Savings is at the heart of community mobilisation. Savings activities start long before any physical development. By saving together, families learn to trust one another. This trust provides the basis for effective collective action. By setting up effective savings collectives, the community generates valuable social capital through building networks of trust, accountability, and transparency. As the saying goes, “we do not collect money, we collect people”. There are a number of advantages to community-based savings: Firstly, savings draws people together on a regular basis. Secondly, savings build a local resource base and makes communities more resilient against the perils of poverty. Thirdly, this process creates an on-going learning environment.

When the woman’s savings collective in an area is strong, then the entire federation is strong. The system of savings and loans is designed to maximise the interaction communities have with one another. Despite the universal relevance of savings in building communities and alleviating poverty, the application of savings systems differ between FEDUP and ISN. Where FEDUP constitutes a membership base around savings schemes, ISN mobilises communities around an issue-based agenda for upgrading, which involves community contributions in cases where CUFF funding is accessed. FEDUP has since 1992 organised more than 24,517 savers in 401 active women-led savings groups across 45 towns. FEDUP has been able to secure tenure for more than 25,000 families and has facilitated the creation of grassroots housing associations that have constructed more than 15,000 formal houses. Savings are also a mobilisation strategy of the ISN which is conceptualised as community contributions towards individual and collective upgrading when CUFF funding is accessed. ISN seeks to balance issue-based mobilisation for better services, alternatives to relocations, and tenure security with building local resilient communities through regular savings.

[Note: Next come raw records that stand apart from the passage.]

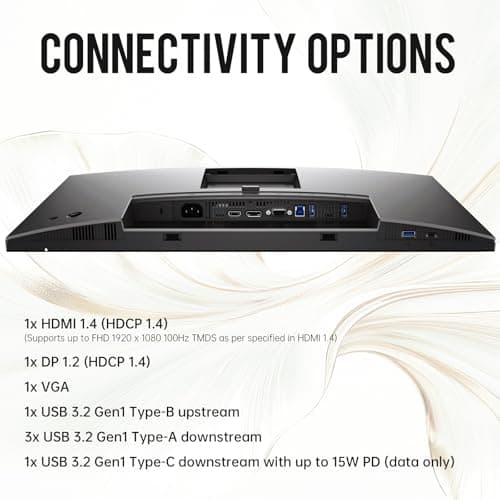 Dell P2425H Monitor - 24 Inch, Full HD 1080p (1920 x 1080), 16:9 IPS, Computer Monitor Screen with DisplayPort, Type-C, and USB-C Cables - 1 Pack (New) 4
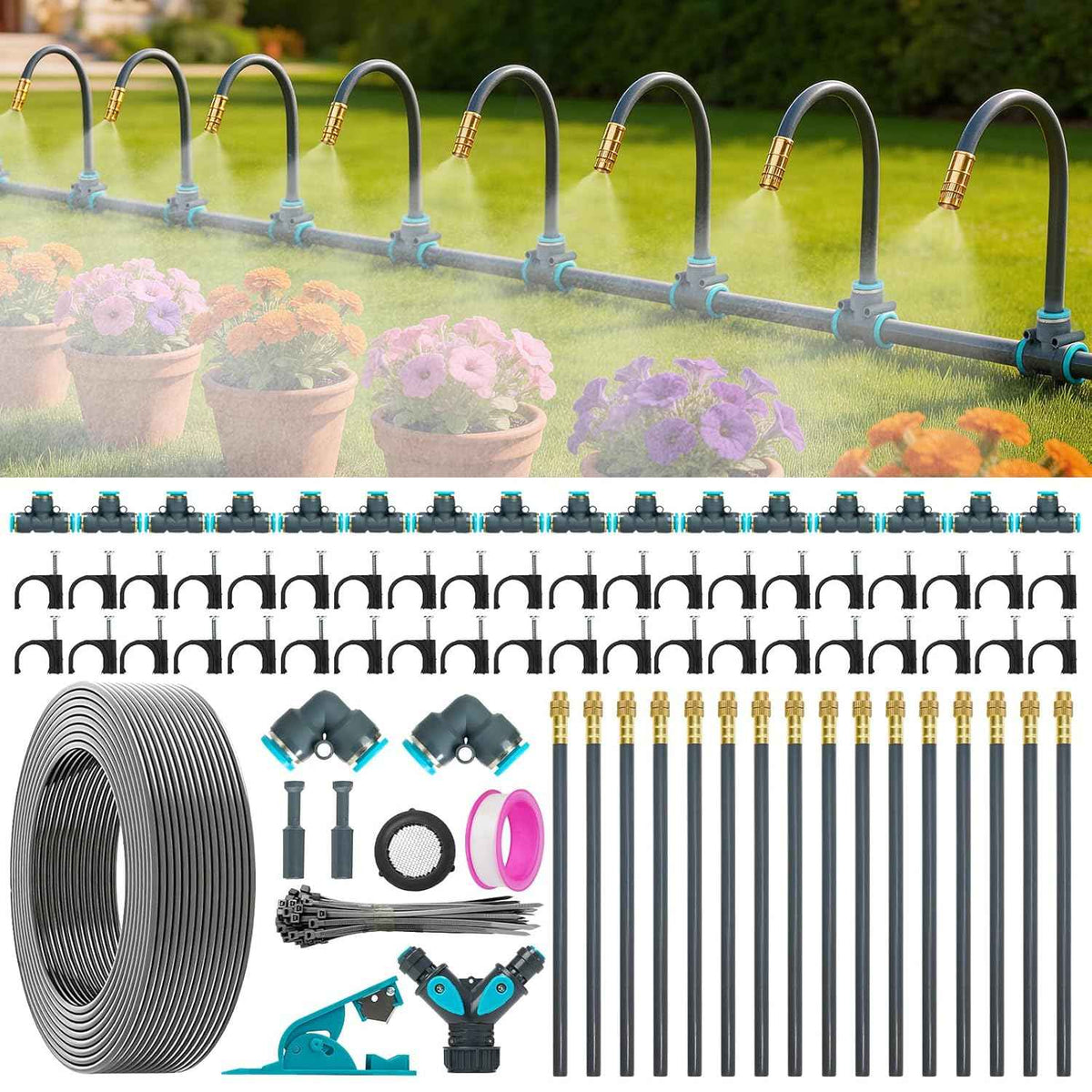 360° Adjustable Drip Irrigation System 100FT,5/16" Garden Watering Kit with 16 Copper Nozzles,82Pcs Drip Irrigation Kit，Automatic Misting Sprinkler System for,Raised Bed, Patio, Lawn & Yard Care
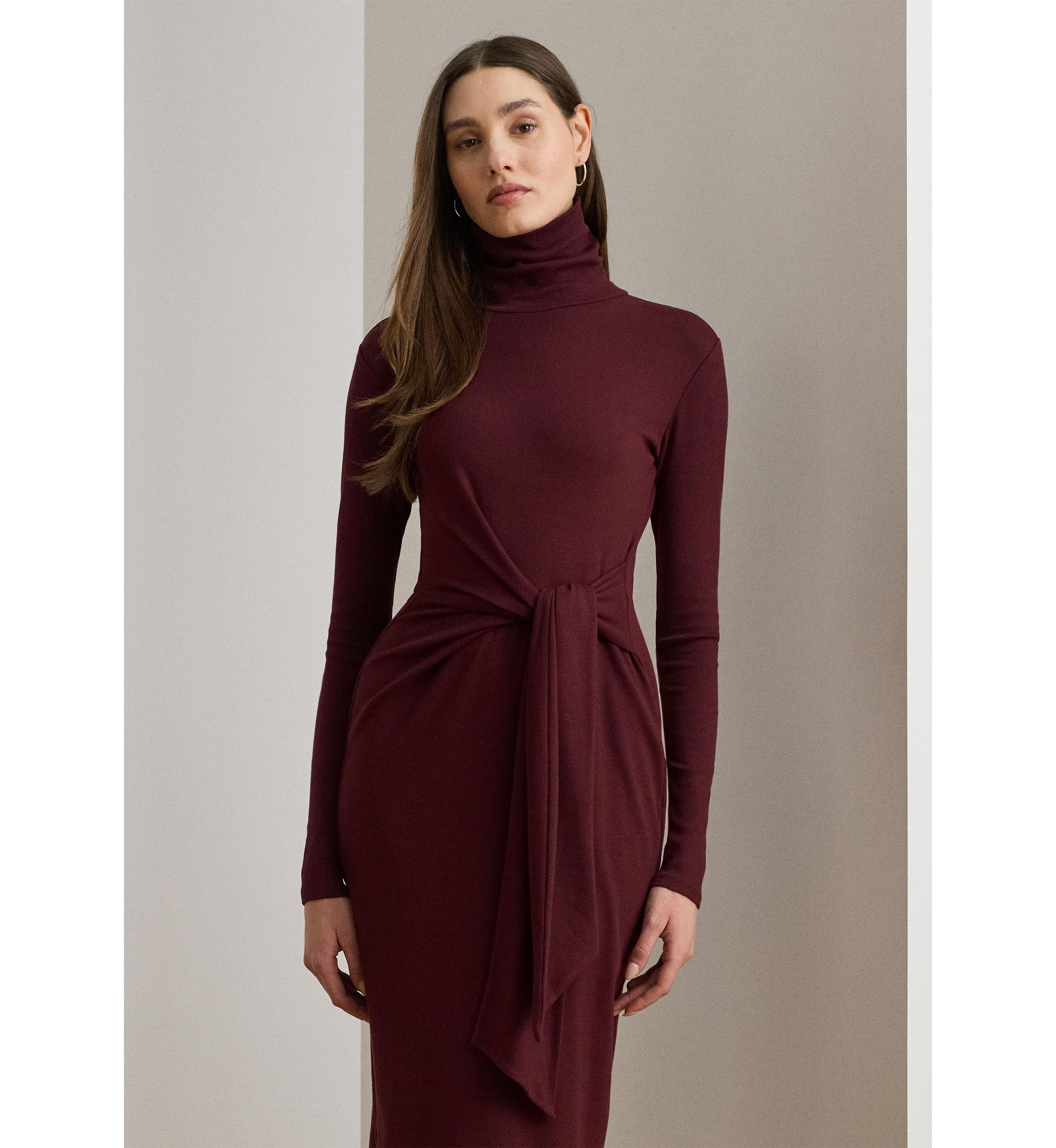 Womens Tie-Front Turtleneck Dress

The solidarity, capacity and trust built through savings and loans at settlement level are clearly the great replicators. They also create the basis for an attendant willingness to share and to spread risk. These may be regarded as the two critical ingredients necessary for the innovations needed to take pro-poor development to scale.

Savings are dynamic and non-linear. In some areas, FEDUP groups have pioneered innovative savings collectives. These include savings funds aimed at funeral insurance, stokvels, food coupons, housing maintenance, and savings towards pre-finance loans through uTshani Fund.